Patient-Centric Printing

This article is part of our special focus on "traditional" pharma: The Small Molecule Manufacturer (read more here). You can find more articles from The Small Manufacturer here.

Henrika Wickström, Researcher, Åbo Akademi University, Finland.

Henrika Wickström, Researcher, Åbo Akademi University, Finland.

In recent years, additive approaches to the manufacture of medicines have become more popular, offering companies the opportunity to develop flexible and tailored dosage forms that better meet patient needs. And while 3D and 4D printing are exciting avenues for the industry to further explore, stencil printing has thus far been overlooked.

Stencil printing refers to a low-cost, high-throughput printing technique that is used across various industries to produce everything from electronics to artwork – but it has not yet found its way into the pharma industry. In stencil printing, ink is transferred onto a substrate through a series of apertures in a printing plate. And, just like the stencils used by kids, the apertures determine the pattern and design of the printed product.

The test case

With an increasing focus on patient-centricity, companies must consider the best dosage form for the target population. When it comes to patients who struggle to swallow regular tablets, such as children and the elderly, orodispersible films represent an interesting option for the administration of low dose drugs – and a good test case for stencil printing. In a proof-of-concept study, my colleagues and I explored whether stencil printing could be used to manufacture the antipsychotic haloperidol in an orodispersible disc formulation suitable for children aged between 6 and 17. We also investigated whether the printing technique would lend itself to a decentralized manufacturing model that enabled production of medicines in close proximity to patients. Pharmacies and hospitals, in particular, would benefit from this approach as medicine could printed as and when needed – addressing potential deficits in product supply and giving them capacity to tailor doses to patients. Our findings supported this idea.

First, we designed a prototype flatbed printer that allowed us to produce orodispersible discs in a batch-wise manner. And then we turned our attention to the development of the API-containing ink – a significant hurdle for manufacturers looking into additive technologies. Indeed, we spent considerable time determining how the physicochemical properties of the API and its dispersion through the ink affected viscosity and therefore printing performance. Throughout the ink development process, we had to conduct a series of tests to assess i) the viscosity of the ink, ii) how well the liquid portion of the ink could adhere to the substrate used, iii) the removal of the dried film from the substrate and iv) if the binders and solvents would allow the ink to dry quickly enough to prevent delays to the overall production process.

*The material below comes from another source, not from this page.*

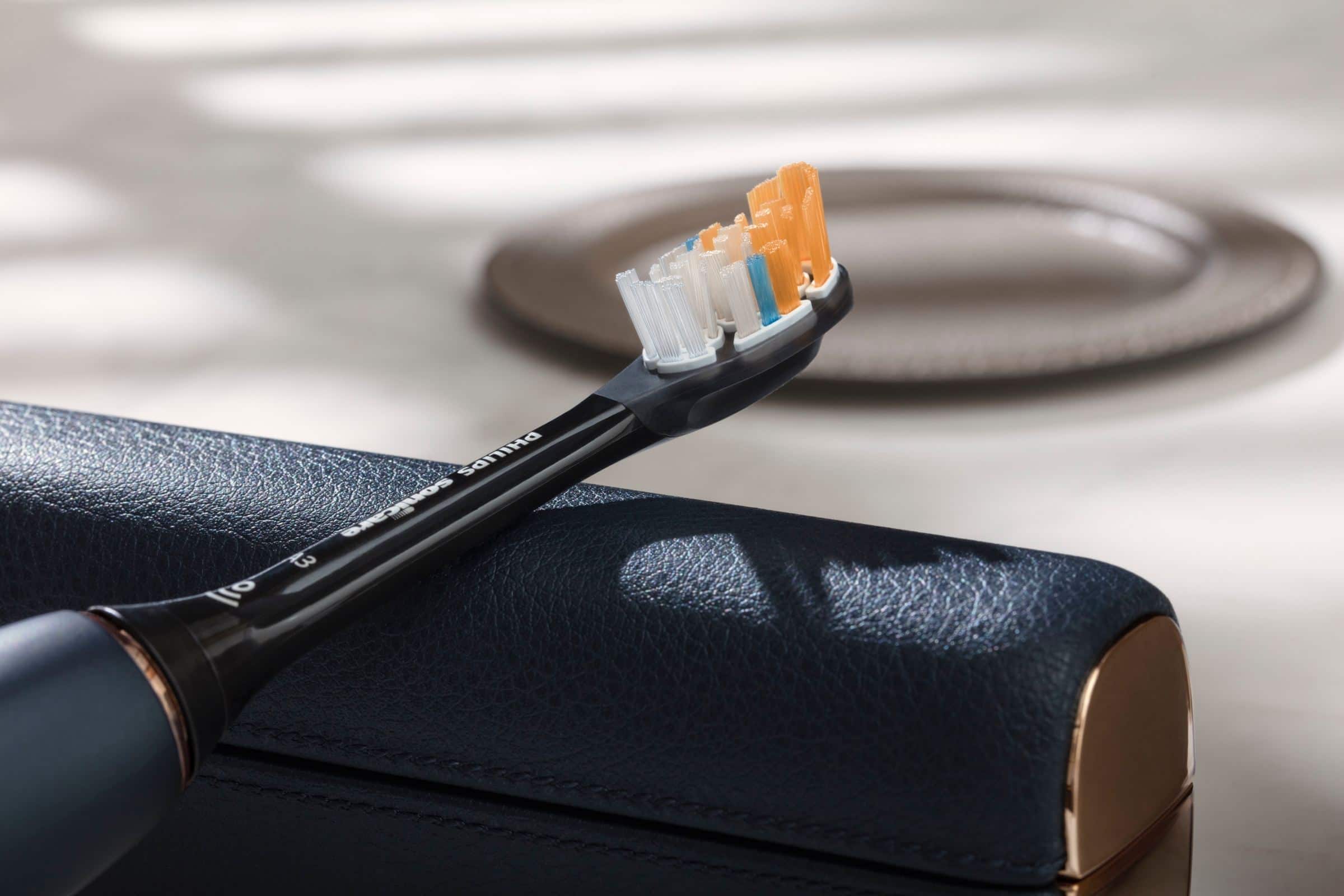 Alt View Zoom 20. Philips Sonicare - 9900 Prestige Rechargeable Electric Toothbrush with SenseIQ - Midnight.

Figure 1. Stencil printing plate (top) and print result (right) of a flatbed process (left)

Figure 1. Stencil printing plate (top) and print result (right) of a flatbed process (left)



We were able to print our haloperidol-containing ink to produce final dosage forms that varied in strength between 0.5 mg and 2.5 mg of API, making them suitable for the treatment of children across the target age range. And, I must admit, we were excited by the results – they proved to us that stencil printing has the potential to be used as a pharmaceutical manufacturing technique. At the same time, we know we have to maintain a sense of realism about the technology. Though we were able to create a range of flexible dose forms with our stencil printer, the formulation of inks containing other relevant APIs is still a challenge.

We also acknowledge that we could optimize our drying times by adjusting the solvent composition and amount. It would also be interesting to study crystalline, pasty inks for stencil printing to evaluate the printability of another type of ink formulation.

The future

In short, our study established that stencil printing can be used successfully to manufacture orodispersible medicines, and we’ve already identified some technical areas for improvement. Next, we – and the wider pharmaceutical community – must answer additional questions to ensure the suitability and viability of stencil printing in commercial production; in particular, how can this technology be adapted to meet GMP requirements? Is it possible to develop an automated stencil printer with its own drug-containing ink supply? Can stencils be reused without compromising the integrity of drug products?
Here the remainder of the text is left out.